The old time manufactures did it because they knew exactly what grade steel they were dealing with, and how to temper & draw it in molten nitre salts.

The home DIY'er hasn't got a clue what steel or temper he is dealing with on already heat-treated critical gun parts..

rc

Oyeboten
February 26, 2010, 11:29 PM
The Molten Salts in and of themselves, only transmit heat, and, exclude Oxygen...they do not impart any Color to the item being heated in them by immersion.

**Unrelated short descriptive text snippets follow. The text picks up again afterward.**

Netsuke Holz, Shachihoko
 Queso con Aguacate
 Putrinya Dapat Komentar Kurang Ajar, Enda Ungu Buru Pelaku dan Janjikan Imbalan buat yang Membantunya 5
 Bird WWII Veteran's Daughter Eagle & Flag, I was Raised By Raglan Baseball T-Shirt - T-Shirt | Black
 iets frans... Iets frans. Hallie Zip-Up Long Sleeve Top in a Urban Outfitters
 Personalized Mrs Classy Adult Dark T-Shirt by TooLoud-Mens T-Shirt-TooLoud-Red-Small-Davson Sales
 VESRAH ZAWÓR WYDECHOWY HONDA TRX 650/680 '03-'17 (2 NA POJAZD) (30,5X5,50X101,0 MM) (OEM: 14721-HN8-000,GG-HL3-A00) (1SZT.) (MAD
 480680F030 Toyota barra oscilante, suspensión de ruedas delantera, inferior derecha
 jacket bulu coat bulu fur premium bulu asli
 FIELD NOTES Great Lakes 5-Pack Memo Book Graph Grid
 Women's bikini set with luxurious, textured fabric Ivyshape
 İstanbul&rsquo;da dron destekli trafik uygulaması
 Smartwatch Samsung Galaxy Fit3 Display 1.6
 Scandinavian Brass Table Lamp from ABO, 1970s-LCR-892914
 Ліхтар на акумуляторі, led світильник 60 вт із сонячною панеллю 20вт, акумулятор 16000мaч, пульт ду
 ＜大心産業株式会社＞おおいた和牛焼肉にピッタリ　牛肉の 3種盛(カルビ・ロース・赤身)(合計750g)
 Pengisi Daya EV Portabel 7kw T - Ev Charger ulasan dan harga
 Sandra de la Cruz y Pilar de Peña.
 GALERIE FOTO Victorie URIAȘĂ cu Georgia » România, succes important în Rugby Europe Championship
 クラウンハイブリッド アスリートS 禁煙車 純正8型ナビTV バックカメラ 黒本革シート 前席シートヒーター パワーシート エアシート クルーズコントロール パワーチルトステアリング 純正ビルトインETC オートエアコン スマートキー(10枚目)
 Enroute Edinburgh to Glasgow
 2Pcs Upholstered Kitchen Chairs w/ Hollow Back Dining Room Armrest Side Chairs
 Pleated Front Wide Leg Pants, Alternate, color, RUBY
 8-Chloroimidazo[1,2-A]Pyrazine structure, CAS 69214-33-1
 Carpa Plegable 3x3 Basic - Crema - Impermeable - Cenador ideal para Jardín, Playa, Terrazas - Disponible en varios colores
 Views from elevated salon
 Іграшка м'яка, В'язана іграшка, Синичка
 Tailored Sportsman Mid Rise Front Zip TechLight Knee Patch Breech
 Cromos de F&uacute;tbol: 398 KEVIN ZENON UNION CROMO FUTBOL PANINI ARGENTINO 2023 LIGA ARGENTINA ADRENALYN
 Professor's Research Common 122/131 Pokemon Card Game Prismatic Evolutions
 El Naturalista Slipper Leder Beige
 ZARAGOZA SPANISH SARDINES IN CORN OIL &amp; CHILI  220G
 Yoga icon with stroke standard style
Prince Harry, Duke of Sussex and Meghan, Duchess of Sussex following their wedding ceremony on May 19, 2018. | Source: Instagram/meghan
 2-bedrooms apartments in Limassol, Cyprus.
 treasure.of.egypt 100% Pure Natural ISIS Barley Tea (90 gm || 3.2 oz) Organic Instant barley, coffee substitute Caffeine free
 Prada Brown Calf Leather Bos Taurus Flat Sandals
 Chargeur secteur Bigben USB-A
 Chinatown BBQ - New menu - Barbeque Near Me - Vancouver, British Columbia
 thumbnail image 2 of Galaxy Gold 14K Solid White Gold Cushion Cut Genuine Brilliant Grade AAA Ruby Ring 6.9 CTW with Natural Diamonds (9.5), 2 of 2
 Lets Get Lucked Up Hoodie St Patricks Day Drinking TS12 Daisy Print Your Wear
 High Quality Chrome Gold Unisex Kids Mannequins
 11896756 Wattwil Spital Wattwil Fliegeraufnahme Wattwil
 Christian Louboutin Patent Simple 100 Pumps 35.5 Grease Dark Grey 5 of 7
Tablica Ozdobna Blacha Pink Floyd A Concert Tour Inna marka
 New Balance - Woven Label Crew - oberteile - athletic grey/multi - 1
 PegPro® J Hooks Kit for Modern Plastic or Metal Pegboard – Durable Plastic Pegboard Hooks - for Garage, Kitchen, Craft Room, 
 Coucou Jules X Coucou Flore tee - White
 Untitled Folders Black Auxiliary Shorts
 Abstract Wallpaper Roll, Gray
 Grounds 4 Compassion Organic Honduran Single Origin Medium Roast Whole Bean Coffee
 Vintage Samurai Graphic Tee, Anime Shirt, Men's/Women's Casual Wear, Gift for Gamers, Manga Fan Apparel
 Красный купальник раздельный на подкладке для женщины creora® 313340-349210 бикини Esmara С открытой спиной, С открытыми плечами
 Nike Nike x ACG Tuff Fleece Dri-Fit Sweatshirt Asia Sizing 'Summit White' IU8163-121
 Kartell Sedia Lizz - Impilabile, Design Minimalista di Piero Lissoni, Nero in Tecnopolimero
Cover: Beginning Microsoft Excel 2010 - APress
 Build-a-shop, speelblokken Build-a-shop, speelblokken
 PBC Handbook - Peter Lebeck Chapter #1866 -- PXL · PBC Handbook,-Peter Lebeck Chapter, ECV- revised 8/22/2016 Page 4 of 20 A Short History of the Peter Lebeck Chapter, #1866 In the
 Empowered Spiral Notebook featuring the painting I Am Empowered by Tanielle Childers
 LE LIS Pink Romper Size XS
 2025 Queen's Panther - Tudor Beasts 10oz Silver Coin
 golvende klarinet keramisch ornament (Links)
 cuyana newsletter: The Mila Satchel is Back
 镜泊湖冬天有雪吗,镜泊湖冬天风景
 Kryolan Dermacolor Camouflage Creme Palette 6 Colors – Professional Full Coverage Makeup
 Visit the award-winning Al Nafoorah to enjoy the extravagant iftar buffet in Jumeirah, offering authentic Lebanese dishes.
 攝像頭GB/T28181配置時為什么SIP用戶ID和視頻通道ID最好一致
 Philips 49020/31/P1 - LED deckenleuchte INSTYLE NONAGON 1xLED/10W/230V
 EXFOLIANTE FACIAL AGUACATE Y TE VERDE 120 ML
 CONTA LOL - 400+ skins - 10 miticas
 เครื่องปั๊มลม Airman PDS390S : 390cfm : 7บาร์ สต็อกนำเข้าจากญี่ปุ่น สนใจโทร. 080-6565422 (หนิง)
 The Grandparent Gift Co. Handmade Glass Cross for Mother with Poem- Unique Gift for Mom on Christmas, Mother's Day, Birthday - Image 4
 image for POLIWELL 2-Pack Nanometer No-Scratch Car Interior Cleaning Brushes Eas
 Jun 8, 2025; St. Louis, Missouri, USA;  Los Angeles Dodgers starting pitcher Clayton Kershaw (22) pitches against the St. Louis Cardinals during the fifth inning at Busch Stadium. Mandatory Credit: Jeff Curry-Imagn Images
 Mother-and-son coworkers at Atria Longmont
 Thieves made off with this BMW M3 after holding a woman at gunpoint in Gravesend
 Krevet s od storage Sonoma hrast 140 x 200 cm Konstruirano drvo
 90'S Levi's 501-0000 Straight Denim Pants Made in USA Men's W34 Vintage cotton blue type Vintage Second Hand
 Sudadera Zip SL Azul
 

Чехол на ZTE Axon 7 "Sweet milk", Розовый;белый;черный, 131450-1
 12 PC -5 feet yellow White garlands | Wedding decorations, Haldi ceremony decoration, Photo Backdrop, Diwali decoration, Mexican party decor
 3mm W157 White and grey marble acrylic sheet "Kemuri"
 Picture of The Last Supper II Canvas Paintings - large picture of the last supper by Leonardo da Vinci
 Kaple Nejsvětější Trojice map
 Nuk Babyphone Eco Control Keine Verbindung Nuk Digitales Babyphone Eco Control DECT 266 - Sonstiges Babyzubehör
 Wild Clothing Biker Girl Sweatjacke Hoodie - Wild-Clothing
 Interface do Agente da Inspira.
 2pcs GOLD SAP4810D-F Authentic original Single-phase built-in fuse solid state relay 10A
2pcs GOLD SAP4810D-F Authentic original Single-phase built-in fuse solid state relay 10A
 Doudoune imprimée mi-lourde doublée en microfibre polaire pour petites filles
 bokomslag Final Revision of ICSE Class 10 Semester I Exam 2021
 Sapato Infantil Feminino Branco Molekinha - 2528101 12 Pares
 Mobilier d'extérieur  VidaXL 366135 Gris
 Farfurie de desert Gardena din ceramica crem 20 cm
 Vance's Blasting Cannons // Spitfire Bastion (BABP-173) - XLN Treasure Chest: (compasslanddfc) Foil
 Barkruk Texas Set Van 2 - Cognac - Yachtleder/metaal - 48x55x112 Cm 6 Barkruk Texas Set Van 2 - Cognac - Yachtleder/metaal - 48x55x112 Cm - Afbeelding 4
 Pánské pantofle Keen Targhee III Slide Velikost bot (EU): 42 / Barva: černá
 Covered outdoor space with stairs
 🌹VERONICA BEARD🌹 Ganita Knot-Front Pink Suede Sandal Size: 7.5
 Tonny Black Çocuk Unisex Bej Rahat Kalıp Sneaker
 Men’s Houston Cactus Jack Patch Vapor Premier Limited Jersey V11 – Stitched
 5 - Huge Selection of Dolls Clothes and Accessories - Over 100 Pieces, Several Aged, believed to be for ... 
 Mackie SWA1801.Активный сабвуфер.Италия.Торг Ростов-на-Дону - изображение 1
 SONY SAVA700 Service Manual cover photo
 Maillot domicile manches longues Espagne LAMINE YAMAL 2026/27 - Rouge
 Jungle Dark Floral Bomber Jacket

Straw Colors - for a super 'clean' piece of Steel, whether hardened or not, can be obtained by heating, and, heating fairly slowly and evenly is best...ideally in a reduction Flame ( to exclude as much ambient Oxygen as possible) or other Oxygen excluding manner, and watching carefully in low ambient light...removing from Heat and, usually, quenching soon as the desired color is beginning...time lag from heat to quench, can be enough for the next color to arrive, thus loosing the color one was after.


Same with 'Blue'...

But...again the "Caution" - As rcmodel mentions, Steel which has been previously Tempered to a specific hardness/toughness for it's application, could have it's Temper compromised or inadvertently re-done to a differing hardness/toughness by being re-heated uncritically in an attempt to acheive certain colors, also, the traditional Molten Salts are too hot for Straw to be easily accomplished, since you'd have to catch it as it is quickly passing, or, rather, just as it is almost arriving.

With practice, probably one could...but it'd be tricky.

navyretired 1
February 27, 2010, 05:55 AM
Straw color is best done in molten nitre but can be done with a torch. The part must be polished after hardening them heated slowly to the right staw color then stopped. I use ice water. But about the only straw colors I do now are Lugers which are a lot of work. Straw wasn't used as color contrast but was the actual drawing temp desired for a tough and not brittle part. You will never see a luger strawed part that is battered or burred most GS just blue the straw parts but it's not that tough to arrive at a nice straw finish on the 2 or 3 parts necessary.